Cannes 2026 review: Nostalgia for the Future (Brecht Debackere)

“An invitation to discover Chris Marker all over again.”

In the entire history of cinema, Chris Marker remains a towering figure—one who elevated the art of self-concealment to a height that surpassed even the greatness of his own creations. Often called the ‘best-known author of unknown films,’ Marker believed that a filmmaker’s identity should reside solely within their work, not their face. His life, therefore, was a sacred ritual of invisibility—a journey navigated through aliases and the cryptic gaze of a cat, always shielded by the cold glass of a viewfinder. In Nostalgia for the Future, Brecht Debackere attempts to chart the constellations of this phantom deity. Yet, this is no mere biography; it is a celestial cartography where the coordinates lead to no final harbor, but rather pull us into the gravitational wake of an eternal wanderer.

​The soul of the film lies in the classic, melancholic voice of Charlotte Rampling. Her narrative guides us through Marker’s personal records, unpublished film fragments, and the pages of his diaries. Debackere avoids the path of a traditional documentary, instead assuming the role of an ‘archivist’—one who decodes Marker through the material traces he left behind. It feels like an archaeological excavation, where every fragment of an image buried beneath the soil whispers a new story. And we listen, with profound intent.

​The most revolutionary aspect of this film is its ‘repurposing’ of Marker’s own works. We know how Marker played with time and memory in La Jetée (1962) or Sans Soleil (1983). This documentary uses those very images as a time machine. Here, the archive is not a dead repository, but a living landscape. The central theme is the paradox of how an image gathered from the past governs our imagination of tomorrow—or how looking back actually reshapes our future. The title, Nostalgia for the Future, finds its true meaning here: it is a nostalgia that does not retreat, but moves forward.

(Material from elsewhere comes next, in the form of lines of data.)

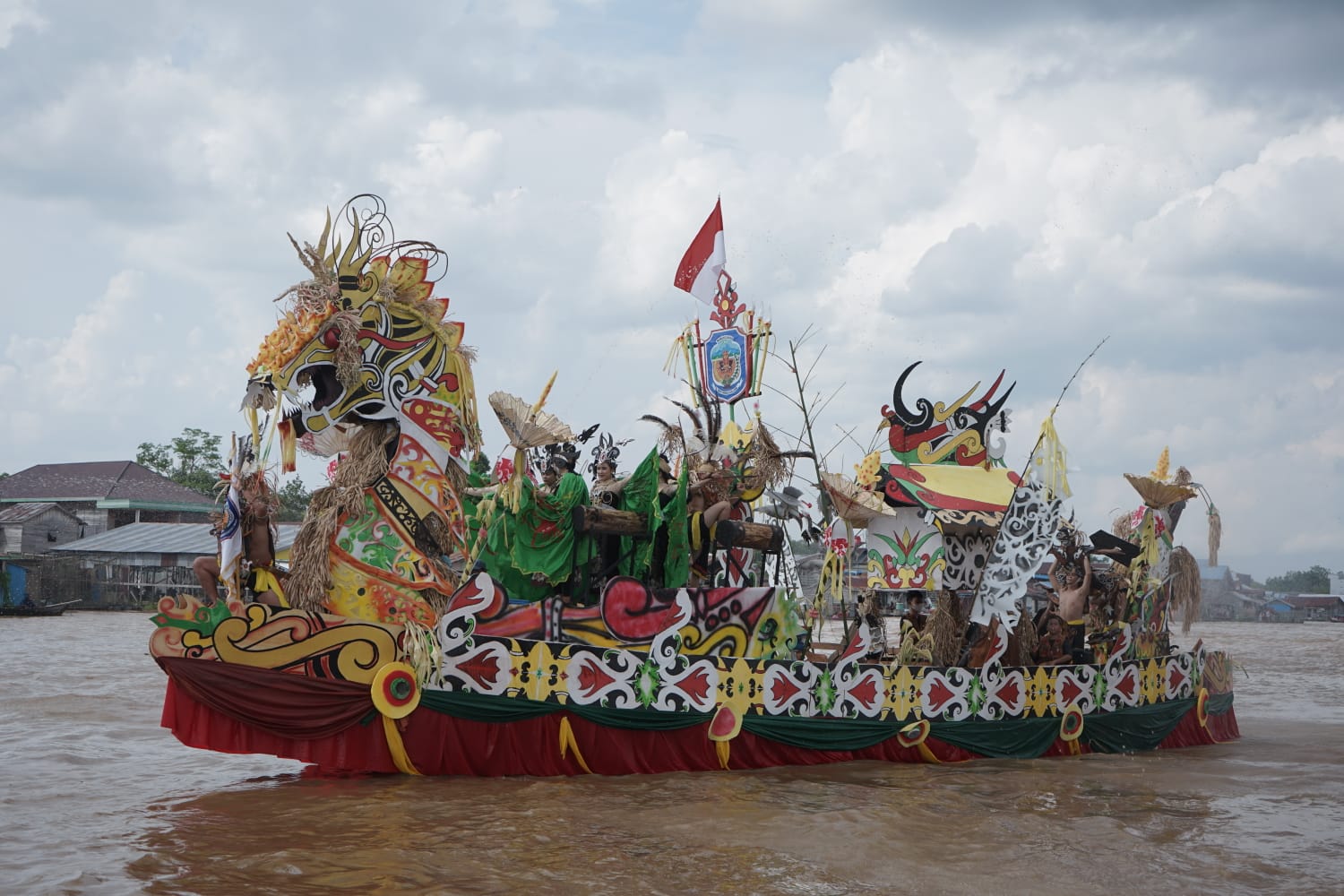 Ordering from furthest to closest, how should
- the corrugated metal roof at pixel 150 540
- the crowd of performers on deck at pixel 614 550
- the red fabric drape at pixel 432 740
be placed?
1. the corrugated metal roof at pixel 150 540
2. the crowd of performers on deck at pixel 614 550
3. the red fabric drape at pixel 432 740

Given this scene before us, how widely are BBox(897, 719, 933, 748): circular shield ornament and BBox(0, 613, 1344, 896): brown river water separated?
29 centimetres

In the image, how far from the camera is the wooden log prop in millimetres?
9477

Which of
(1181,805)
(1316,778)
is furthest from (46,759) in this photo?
(1316,778)

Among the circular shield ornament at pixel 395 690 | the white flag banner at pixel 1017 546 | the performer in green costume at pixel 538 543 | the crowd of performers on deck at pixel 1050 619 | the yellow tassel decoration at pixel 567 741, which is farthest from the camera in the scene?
the crowd of performers on deck at pixel 1050 619

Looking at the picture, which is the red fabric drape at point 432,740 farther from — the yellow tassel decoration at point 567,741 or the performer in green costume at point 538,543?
the performer in green costume at point 538,543

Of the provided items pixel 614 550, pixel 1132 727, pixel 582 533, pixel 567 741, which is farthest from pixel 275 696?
pixel 1132 727

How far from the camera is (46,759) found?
34.9ft

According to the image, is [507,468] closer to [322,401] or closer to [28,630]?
[322,401]

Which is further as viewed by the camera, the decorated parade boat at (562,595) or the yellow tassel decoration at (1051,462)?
the yellow tassel decoration at (1051,462)

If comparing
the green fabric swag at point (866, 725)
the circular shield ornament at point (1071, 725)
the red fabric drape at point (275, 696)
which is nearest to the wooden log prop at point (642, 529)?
the green fabric swag at point (866, 725)

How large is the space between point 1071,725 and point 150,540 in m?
40.5

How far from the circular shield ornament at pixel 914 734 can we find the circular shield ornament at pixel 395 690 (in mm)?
4367

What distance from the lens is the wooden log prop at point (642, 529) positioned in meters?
9.48

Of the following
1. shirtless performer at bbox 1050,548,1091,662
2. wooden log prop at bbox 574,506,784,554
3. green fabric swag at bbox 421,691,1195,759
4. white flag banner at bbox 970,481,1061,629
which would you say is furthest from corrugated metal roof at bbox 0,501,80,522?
white flag banner at bbox 970,481,1061,629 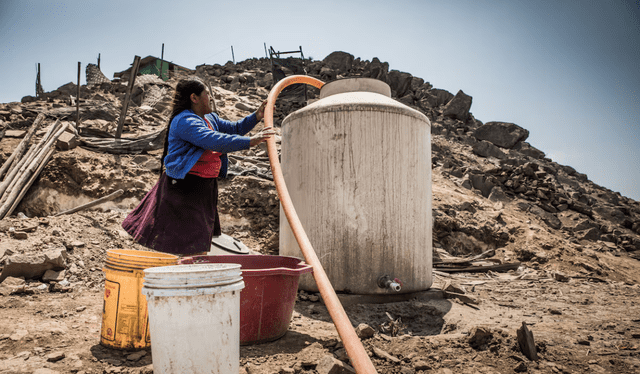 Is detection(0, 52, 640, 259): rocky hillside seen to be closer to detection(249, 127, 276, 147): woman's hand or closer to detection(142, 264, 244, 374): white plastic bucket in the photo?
detection(249, 127, 276, 147): woman's hand

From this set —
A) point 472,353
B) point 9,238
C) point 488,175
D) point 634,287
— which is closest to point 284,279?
point 472,353

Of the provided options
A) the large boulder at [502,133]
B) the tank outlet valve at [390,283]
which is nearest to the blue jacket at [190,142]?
the tank outlet valve at [390,283]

​A deeply human side of Chris Marker emerges in this work. He didn’t just love cats; he loved animals in their essence. His beloved cat, ‘Guillaume-en-Égypte,’ returns frequently as a symbolic character. To Marker, a cat represented a mystery that was simultaneously present and absent. The film demonstrates how Marker explored the concept of virtual identity long before the digital age. He understood that only by hiding one’s image can one truly face the profound truths of the universe.

​Examining Marker’s life closely reveals a man who traveled, observed, and filmed. Artists with such meditative devotion are rare. Marker possessed a sharp, piercing ability to observe and translate that observation into cinema. At times, he feels like an observational prophet. He once said, “As long as prisons exist, you are not free.” It is in these moments that Marker transcends into a higher realm.

​Aesthetically, this is a perfect essay film. The sound design and editing keep the audience in a trance-like state. Every frame honors Marker’s ‘slow cinema’ aesthetic. It teaches us how a simple pile of photographs can be transformed into a philosophical epic. ​In today’s digital era, where we overexpose ourselves so easily, Marker’s philosophy of disappearance prompts us to rethink. Nostalgia for the Future reminds us that memory is not a static object; it is constantly evolving. Our past is not just our history; it is the womb of our future.

​What makes this work vital is that it captures the meditative Marker—the one who dwelled on questions rather than searching for answers. When we find an exact answer, the wheels of our thought stop turning. But when we linger on the questions, we continue to observe and search. Whether the answer is found or not becomes irrelevant. ​Nostalgia for the Future is like the ultimate tribute from a teacher to an eternal student of cinema, an invitation to discover Chris Marker all over again.